Lines containing the word "Apartment" are the ones to copy from the records below.

Available data Block Start

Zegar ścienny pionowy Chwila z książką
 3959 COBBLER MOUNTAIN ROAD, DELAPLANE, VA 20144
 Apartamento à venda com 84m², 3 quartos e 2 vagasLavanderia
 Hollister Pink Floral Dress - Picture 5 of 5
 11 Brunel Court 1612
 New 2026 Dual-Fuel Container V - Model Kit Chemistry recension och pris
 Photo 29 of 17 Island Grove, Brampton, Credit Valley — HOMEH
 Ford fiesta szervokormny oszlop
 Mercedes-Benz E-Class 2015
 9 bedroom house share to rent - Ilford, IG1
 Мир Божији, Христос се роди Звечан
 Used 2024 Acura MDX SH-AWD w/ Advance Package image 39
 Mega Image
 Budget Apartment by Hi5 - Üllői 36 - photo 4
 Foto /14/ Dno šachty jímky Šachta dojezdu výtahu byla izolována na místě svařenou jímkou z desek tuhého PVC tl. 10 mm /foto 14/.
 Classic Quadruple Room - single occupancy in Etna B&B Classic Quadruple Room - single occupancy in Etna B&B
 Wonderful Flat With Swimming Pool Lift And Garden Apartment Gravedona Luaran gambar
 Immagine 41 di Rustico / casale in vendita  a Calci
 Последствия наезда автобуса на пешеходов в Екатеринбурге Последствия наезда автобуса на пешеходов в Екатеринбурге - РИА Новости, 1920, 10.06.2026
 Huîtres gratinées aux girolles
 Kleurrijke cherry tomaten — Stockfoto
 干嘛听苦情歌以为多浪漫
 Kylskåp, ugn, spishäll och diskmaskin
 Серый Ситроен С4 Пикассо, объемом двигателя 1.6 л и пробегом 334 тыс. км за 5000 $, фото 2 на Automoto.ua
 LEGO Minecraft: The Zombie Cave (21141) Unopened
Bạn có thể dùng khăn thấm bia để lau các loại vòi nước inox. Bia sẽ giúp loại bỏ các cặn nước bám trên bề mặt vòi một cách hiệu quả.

Available data Block End

▶ **Response to this task**:
 Budget Apartment by Hi5 - Üllői 36 - photo 4
 Wonderful Flat With Swimming Pool Lift And Garden Apartment Gravedona Luaran gambar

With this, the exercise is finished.